The Architect's Fee in Context
Architectural fees for a full service on a new-build project in Ireland typically range from 5-12% of the construction cost, depending on the scale and complexity of the work. For a public building, this might represent 7-10%.
Set against the total cost of the building over its lifetime, the architect's fee is a very small percentage, often less than 2-3% of the whole-life cost. Yet it is during the design stages, when the architect's work is concentrated, that the decisions with the greatest long-term financial impact are made.
Reducing the design fee to save money is one of the most counterproductive decisions a client can make. A lower fee means less time for design development, less coordination, less technical resolution, and less attention to the details that determine how the building performs over decades. The savings on the fee are typically dwarfed by the additional costs that emerge during construction and operation.
The RIAI has consistently argued that current procurement practice in Ireland too often focuses on minimising the cost of design and construction rather than achieving genuine value for money. Their position, which we share, is that design quality and long-term value should take priority over short-term cost reduction.
A Real-World Example
Consider two approaches to the same brief: a new community building with a construction budget of around one million euro.
Approach A minimises design fees, rushes through the technical stages, specifies the cheapest compliant materials, and produces a building that meets minimum regulatory standards. Construction comes in on budget at one million euro.
Approach B invests properly in design, achieves a more ambitious energy performance, specifies durable and maintainable materials, and produces thoroughly coordinated construction documents. Construction comes in at one million and fifty thousand euro, a 5% premium.

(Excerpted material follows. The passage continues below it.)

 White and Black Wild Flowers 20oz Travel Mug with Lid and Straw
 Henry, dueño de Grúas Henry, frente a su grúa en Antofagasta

Over thirty years, Approach A costs an additional fifteen to twenty thousand euro in energy per decade compared to Approach B. It requires two significant maintenance interventions (roof, external finishes) that Approach B avoids through better material choices. Its mechanical systems need replacement five years sooner due to less efficient design. And when the building needs to adapt to new requirements after fifteen years, the inflexible original layout means a costly internal reconfiguration.
The total thirty-year cost of Approach A is substantially higher. The building that was "cheaper" to build becomes the more expensive building to own.
What This Means For Clients
If you are commissioning a building, whether as a public body, a developer, or a private client, the most important financial decision you will make is not choosing the lowest tender. It is choosing the right design team and giving them the time and resources to do their work properly.
Good design is not an indulgence. It is the most reliable way to control the total cost of your building over its lifetime. It reduces energy bills. It reduces maintenance. It reduces construction risk. It creates spaces that remain fit for purpose as needs evolve. And it delivers buildings that people genuinely enjoy using, which, while harder to put a number on, has real value for any organisation.
We often say that good design always costs less. We mean it literally, not as aspiration but as a consistent, observable outcome of investing in quality at the right stage of the process.
If you are weighing up how much to invest in design, the question to ask is not "what does the architect cost?" but "what will this building cost me over the next thirty years, and how much of that can good design reduce?"
The answer, in our experience, is always significant.